Retype the lines from the first one in the records down to the line containing "Uzun Hırkalı Üçlü Takım 8713 Vizon - 6", counting both, and leave out any pictures.

━━━━━ Input material ━━━━━

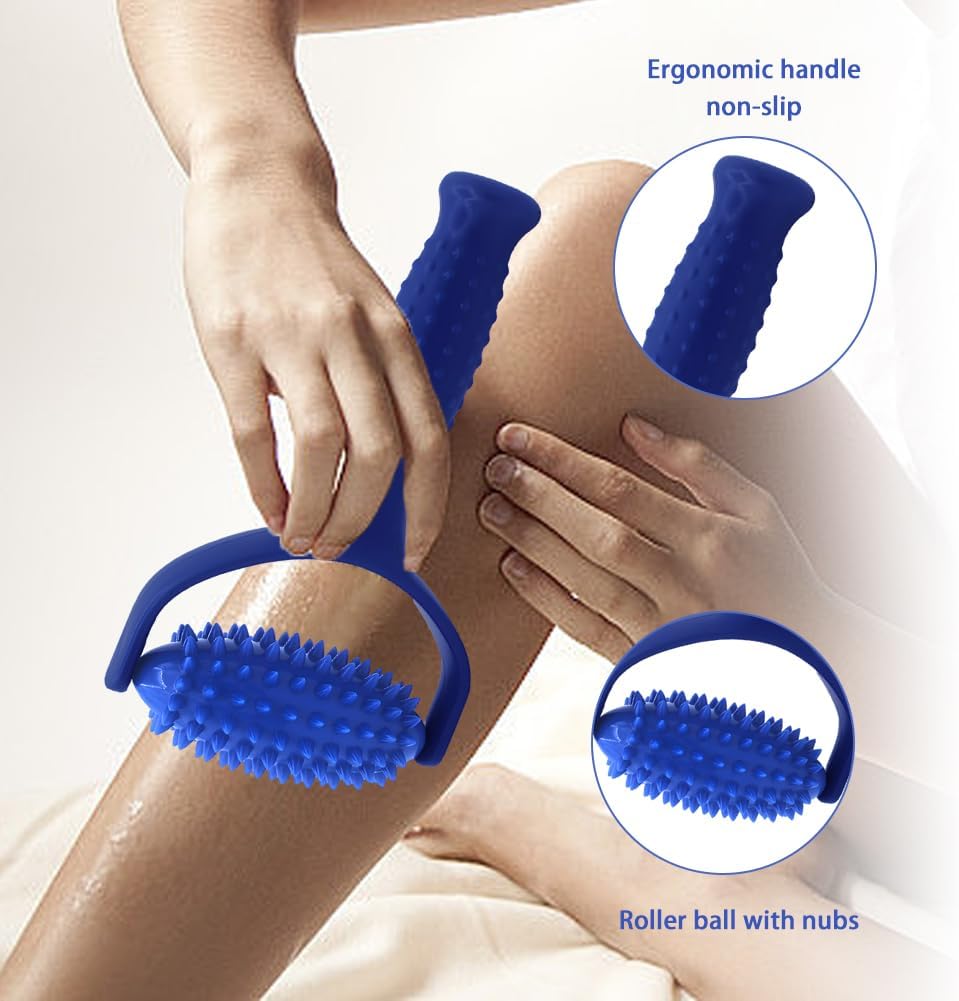 Massageroller mit Griffen, Massagegerät Faszienball mit Noppen, multifunktionaler Igelball, Massageroller zur Entspannung der Fuß-, Bein- und Rückenmuskulatur (blau) – Bild 6
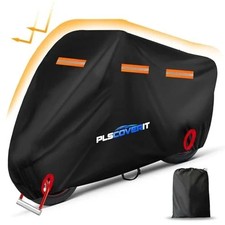 Motorcycle Cover, 600D Heavy Duty Waterproof Motorbike 116" x 41" x 50" Black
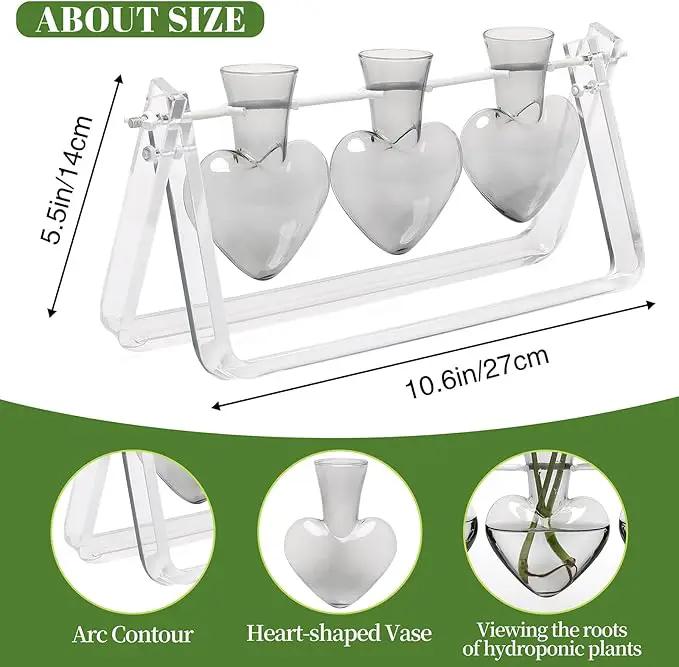 Plant Terrarium Propagation Stations with Wooden Stand Birthday Gifts for Women Plant Stand Indoor Office Home Decor by GreenHaven Gardens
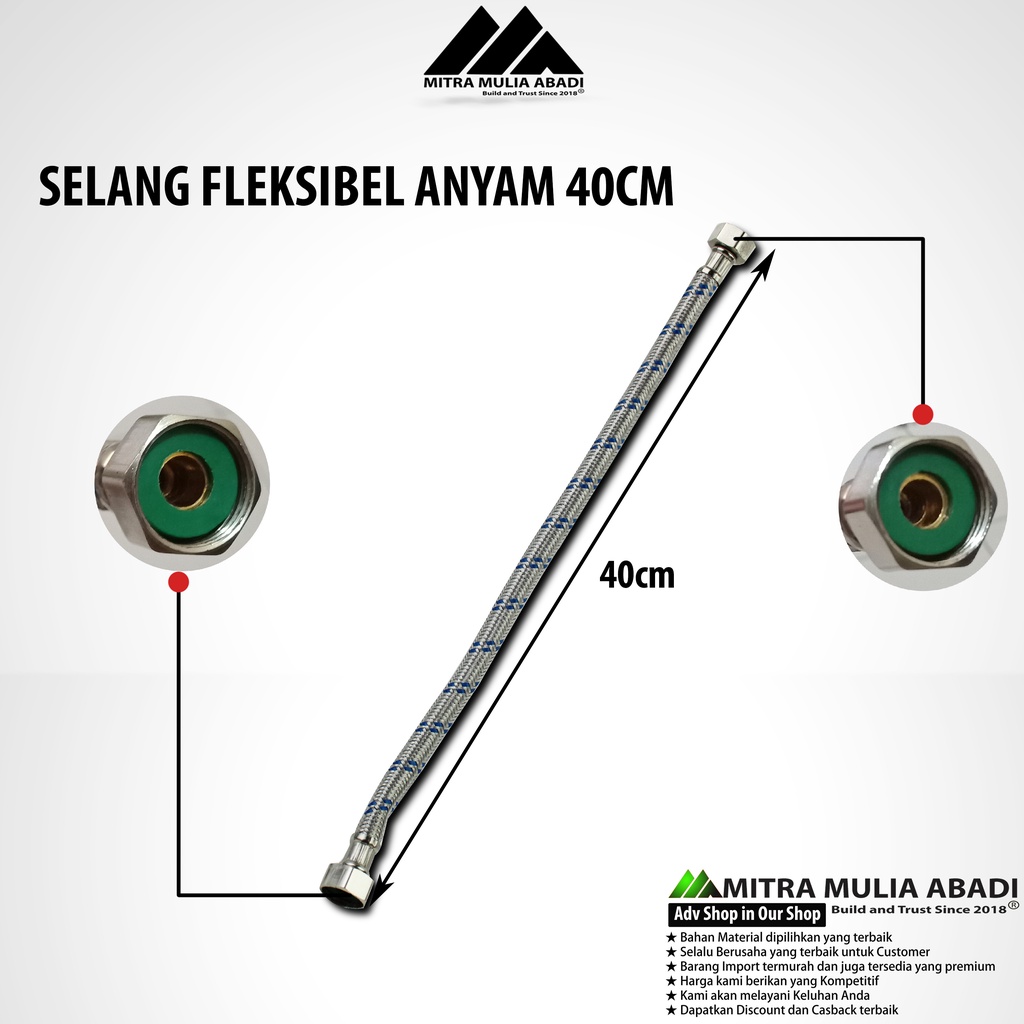 Selang Flexible Hose 40cm Anyam Closet Wastafel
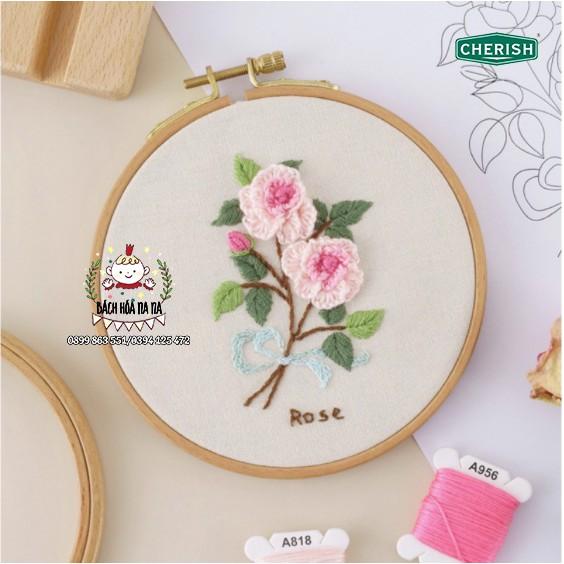 Bộ Kit tự làm trang trí Gói nguyên liệu DIY thêu nhành hoa Vintage Rose - Bách hóa Na Na Handmade Shop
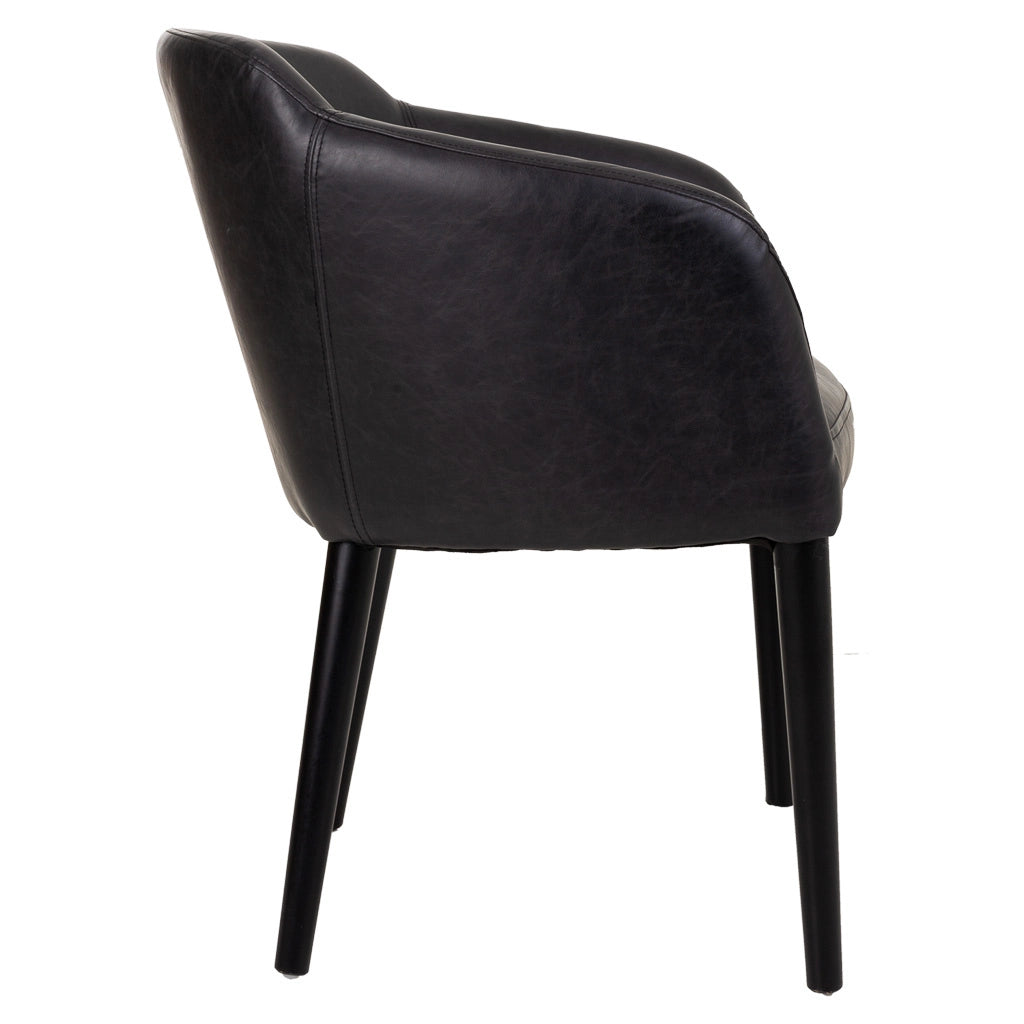 Poltrona in legno imbottita nera 62x60x82h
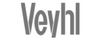 Grau hinterlegtes Veyhl Logo mit technischer Anmutung, spezialisiert auf Tischgestelle und Metallkomponenten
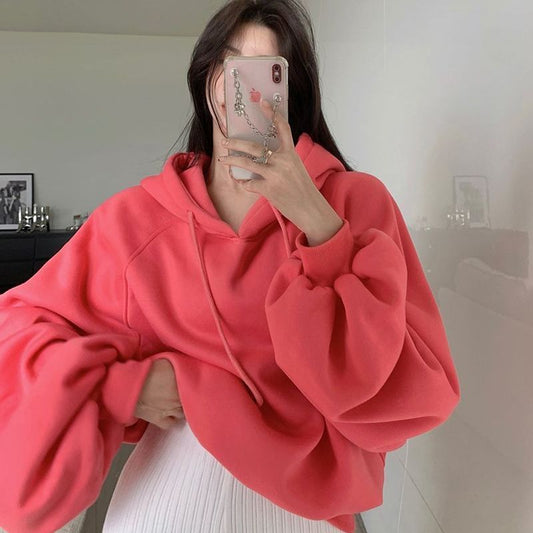 Women's Loose Solid Color Pullover Loose Hooded Sweater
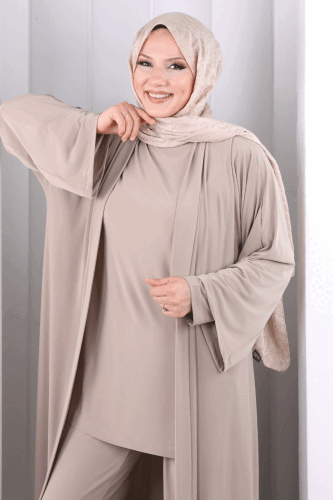 Uzun Hırkalı Üçlü Takım 8713 Vizon - 6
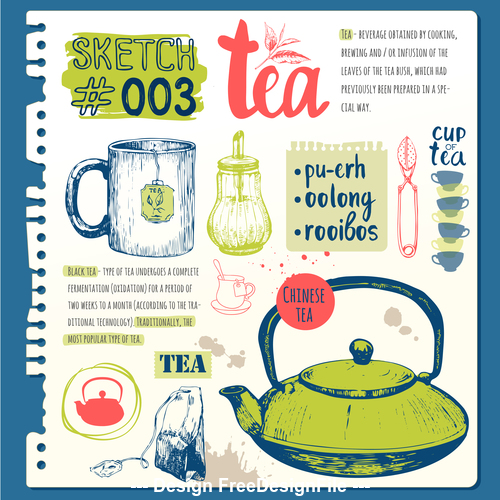 Tea sketch illustration vector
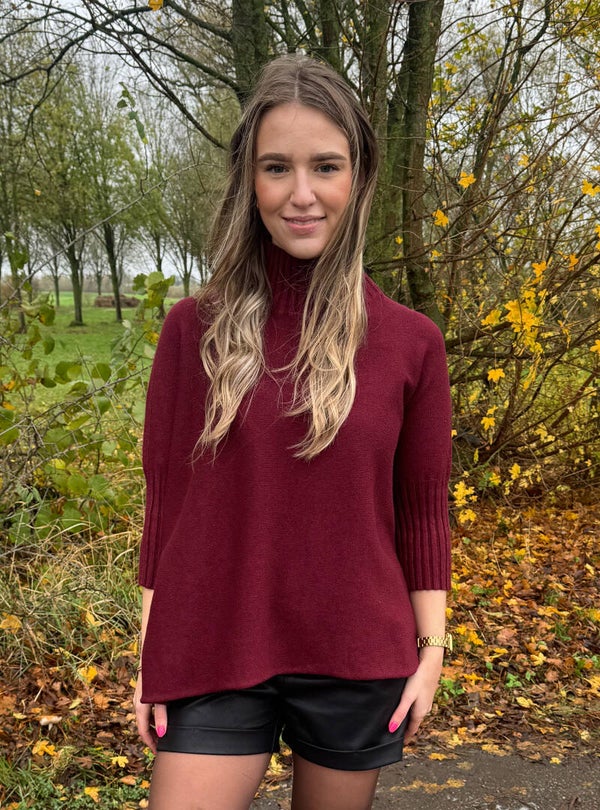 Trui halflange mouw met col - bordeauxrood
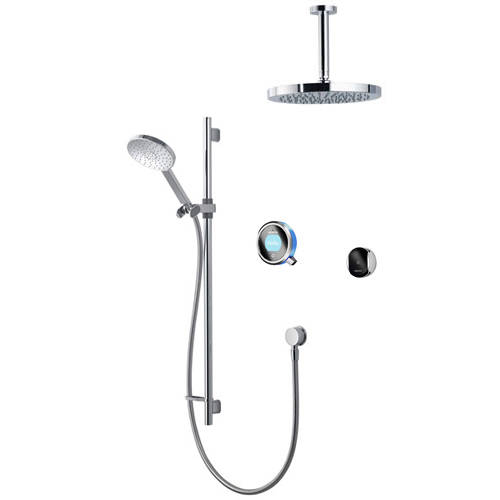 Larger image of Aqualisa Q Smart Shower Pack 12BL With Remote & Blue Accent (Gravity).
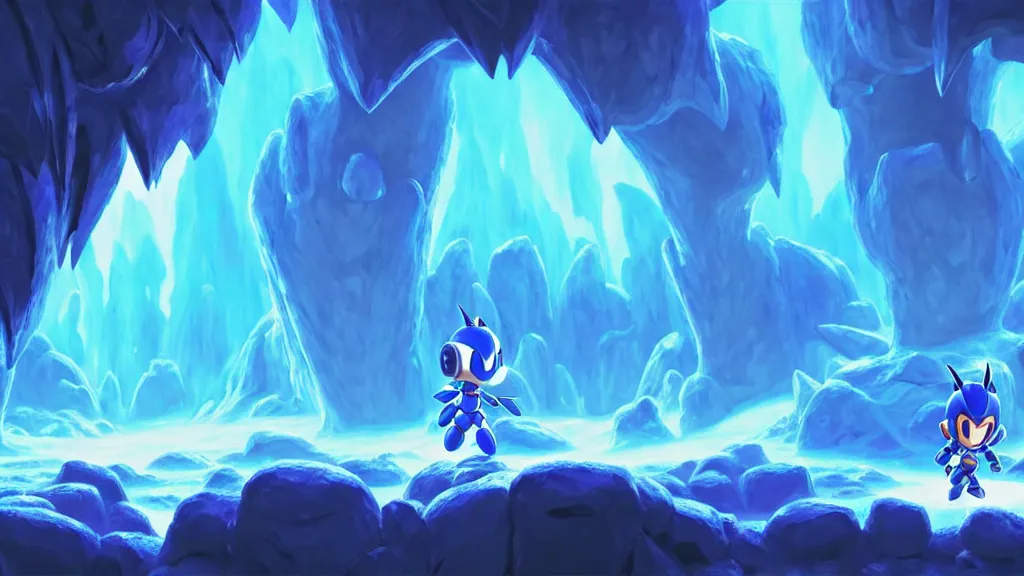 Image similar to side scrolling megaman zero stage 1 the ice cave, studio ghibli, pixar and disney animation, sharp, rendered in unreal engine 5, highly detailed, digital painting, artstation, hollow knight, smooth, sharp focus, illustration, wide angle, wallpaper, splash art, promo art, dramatic lighting, art by artgerm and greg rutkowski and bo chen and jin xiaodi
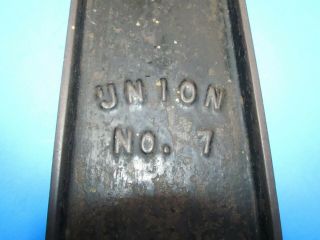 early Union No 7C wood jointer plane marked Pat Apl ' d For w/ Stanley R&L iron 3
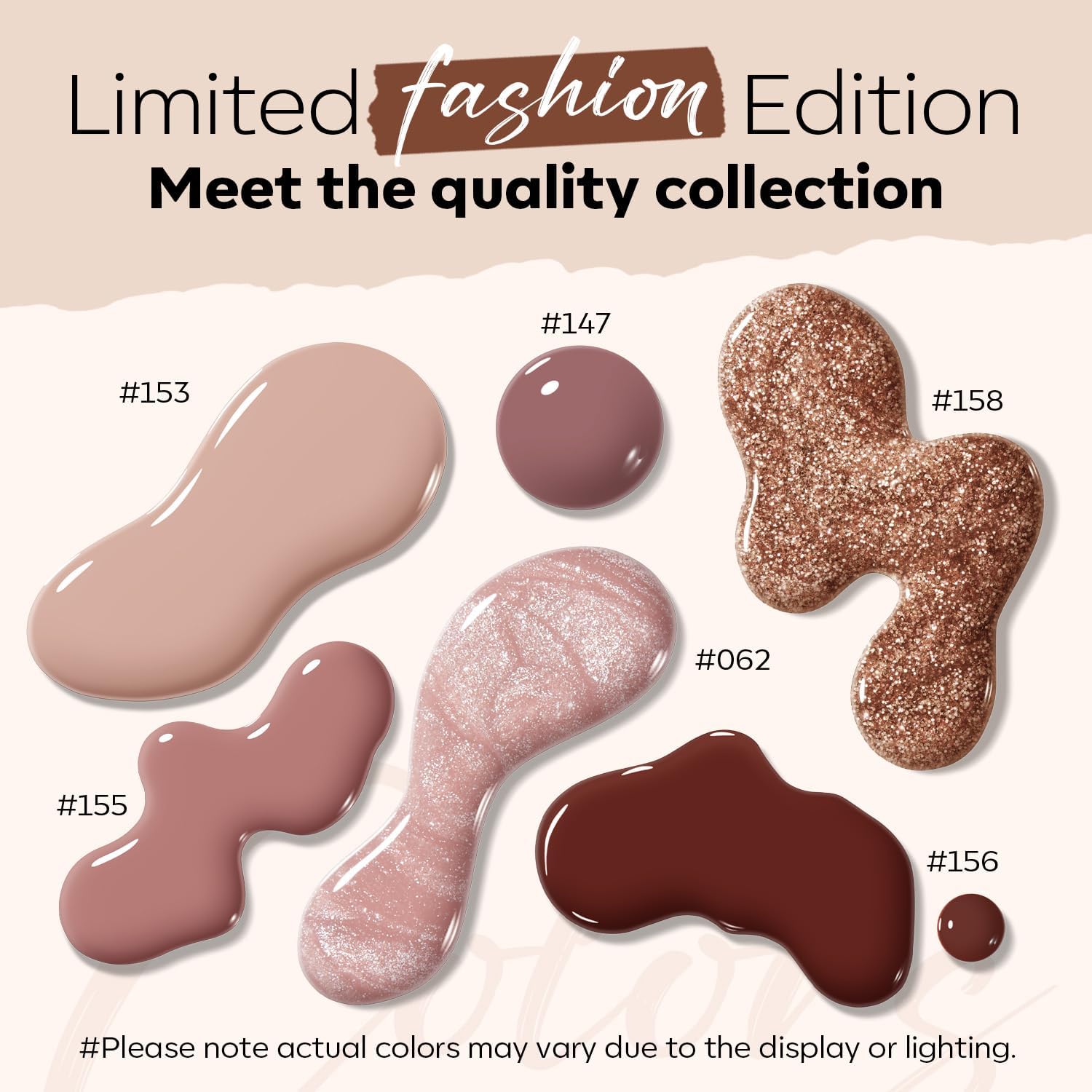 Modelones échantillons de teintes nude et brun sur roue.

━━━━━

Response to this task:
 Massageroller mit Griffen, Massagegerät Faszienball mit Noppen, multifunktionaler Igelball, Massageroller zur Entspannung der Fuß-, Bein- und Rückenmuskulatur (blau) – Bild 6
 Motorcycle Cover, 600D Heavy Duty Waterproof Motorbike 116" x 41" x 50" Black
 Plant Terrarium Propagation Stations with Wooden Stand Birthday Gifts for Women Plant Stand Indoor Office Home Decor by GreenHaven Gardens
 Selang Flexible Hose 40cm Anyam Closet Wastafel
 Bộ Kit tự làm trang trí Gói nguyên liệu DIY thêu nhành hoa Vintage Rose - Bách hóa Na Na Handmade Shop
 Poltrona in legno imbottita nera 62x60x82h
 Grau hinterlegtes Veyhl Logo mit technischer Anmutung, spezialisiert auf Tischgestelle und Metallkomponenten
 Women's Loose Solid Color Pullover Loose Hooded Sweater
 Uzun Hırkalı Üçlü Takım 8713 Vizon - 6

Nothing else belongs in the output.